To keep hash table lookup fast,
we'll get it to the correct bucket with no if-statements. But we're
shrinking and growing the hash table, there may be multiple versions
of the hash table! So we'll have a pointer to a guaranteed correct
version, and lookup will use that pointer. That pointer can be
changed whenever an old and new version of the hash table are both complete.
To avoid dummy nodes for the new bucket, I'll have insert/delete
maintain both the old and new version. They'll check if they need to
maintain the new version after they've updated the old version, so
there's no chance of someone else splitting the bucket then them not
maintaining the new version because they don't know about it. And
since maintaining two versions is expensive, I'll also have every
insert/delete split 100 or so buckets (which needs to be done
anyhow, and makes the extra maintenance negligible in comparison).
Phases of the hash table and the cursors:
- OK: no resize is going on, only one version of the tree. Move to
NEW when the table needs to be resized.
- NEW: allocate a new tree. The dynamic array will keep track of
which subtrees still need some allocations. Move to FILL when the new
tree is completely allocated.
- FILL: Insert/delete fill the new tree while maintaining the old
tree. They fill all the buckets corresponding to the buckets in the
old dynamic array block this insert/delete hashed to, or some other
block's buckets if this one is being scanned already. The dynamic
array keeps track of which subtrees still need work. Move to FLIP
once all buckets in the new tree are filled.
- FLIP: Flip the lookup pointer from the old tree to the new tree.
Insert/delete continue to fill both the old and new tree, old first
new second. Move to DONE once all read cursors are in state FLIP.

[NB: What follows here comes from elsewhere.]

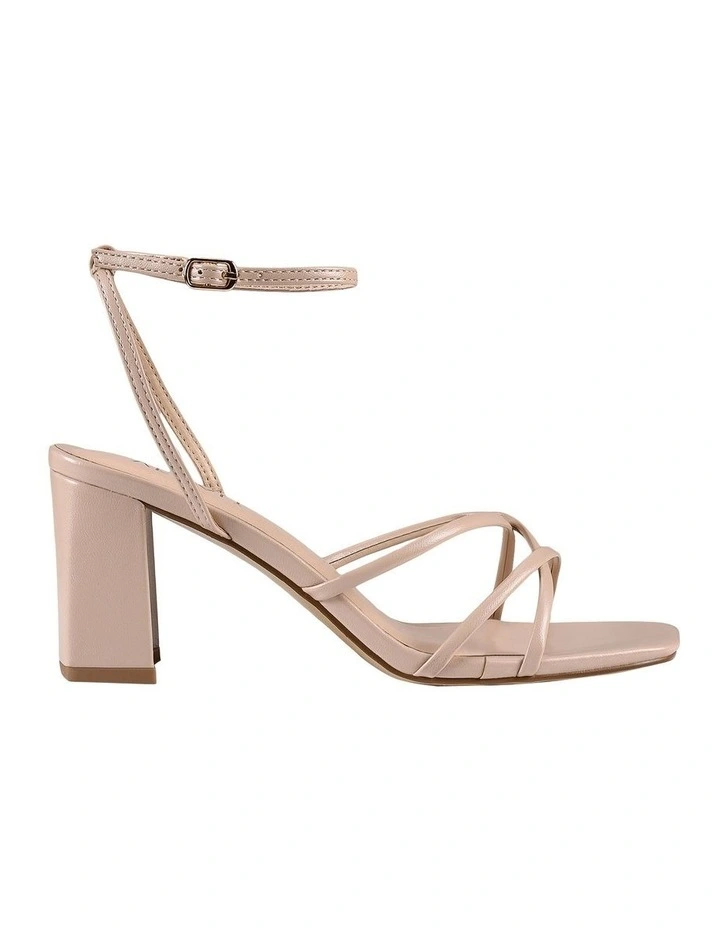Nakita Low Block Heels Sandal in Nude Smooth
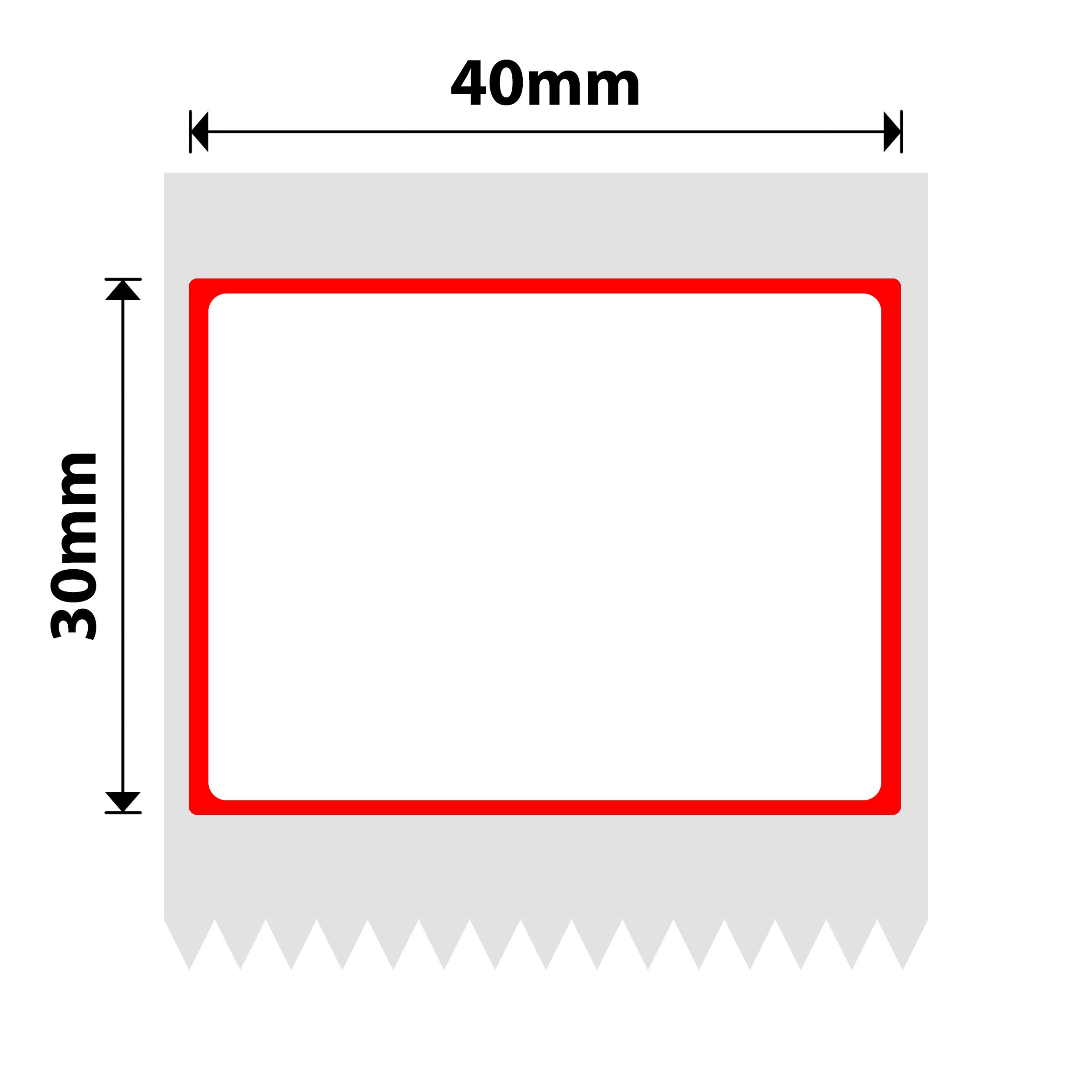 NB444 - Niimbot - B1 / B21 / B31 / B3S / B4 - 40x30mm - 230 Red Frame Labels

(Insert/delete determines this by scanning all cursors. A hung read
could keep us here indefinitely.)
- DONE: Insert/delete are told to stop maintaining the old tree.
Move to FREE once all insert/delete cursors are in state DONE.
- FREE: Insert/delete nulls out the pointer to the old tree with
CAS(). If CAS() says we're the lucky winner who nulled out the old
tree, we have to free all the blocks of the old tree. Move to OK once
the pointer to the old tree is null.
- NONE (cursors only): Any cursor not currently executing a hash
table operation is in the NONE state. The insert/delete in charge of
freeing the old tree goes to the NONE state before it starts freeing.
Since a whole new tree is allocated, old and new buckets won't
overlap, so growing a hash table can add a low-order bit rather than a
high-order bit to the hash value. Old bucket 0 will map to new 0 and
1, and old bucket 1 will map to new 2 and 3. That way the bucket can
be determined by the hash in split-order. The high bits of the hash
value can be used as-is for both bucket lookup and ordering within the
bucket. Current machine instructions make hashes aimed at high-order
bits slightly faster than ones aimed at low-order bits (for example,
multiplication might be a good enough hash function).
You need two flags per array block to track whether operations are
done on subblocks. Buckets are just a next pointer, and nodes are
just a next pointer and a data pointer. No dummy nodes, no reference
counts, no mapping the hash value to split-order, no extra info stored
per bucket. Delete still needs a bit per node (in the next pointer,
Harris's trick). CAS() is still needed all over the place.